Following advocacy by America’s Essential Hospitals — urging HRSA to take immediate action against illegal schemes to undermine the 340B program — HRSA gave Sanofi a Dec. 20 deadline to cease implementing its model or face the termination of its pharmaceutical pricing agreement (PPA). A PPA is necessary for Medicaid and Medicare Part B coverage.

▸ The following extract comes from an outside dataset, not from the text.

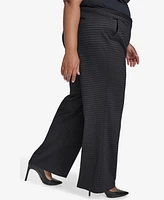 Dkny Plus Patterned Pleated-Waistband Pants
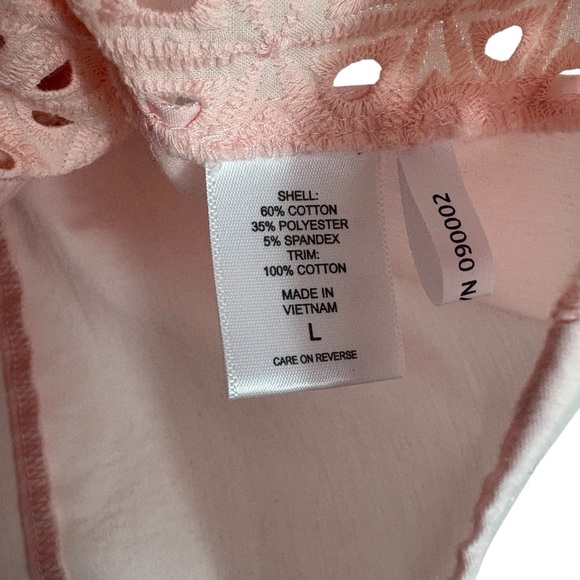 🌺NEW YORK & CO Pink Eyelet Button-down Cotton Blend Blouse Size Large-- Worn 2X🌺 - Picture 5 of 5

Simultaneous to its notice, Sanofi also filed a lawsuit in federal court requesting injunctive relief to authorize immediately rebate model implementation. Sanofi argues the proposed model is explicitly authorized by statute, and the courts should allow immediate implementation. Sanofi would require disproportionate share hospitals, critical access hospitals, sole community hospitals, rural referral centers, and consolidated health centers purchase 25 of its products at list price. Sanofi also intended to implement later a further test of patient 340B eligibility, based on its own interpretation of HRSA’s patient definition and added criteria.
Sanofi now joins manufacturers Johnson & Johnson, Eli Lilly, and Bristol-Myers Squibb in separate suits to demand the courts authorize their proposed rebate models.
In a statement, America’s Essential Hospitals applauded HRSA’s action and called on Sanofi and other drug manufacturers to end their illegal actions that compromise access to care.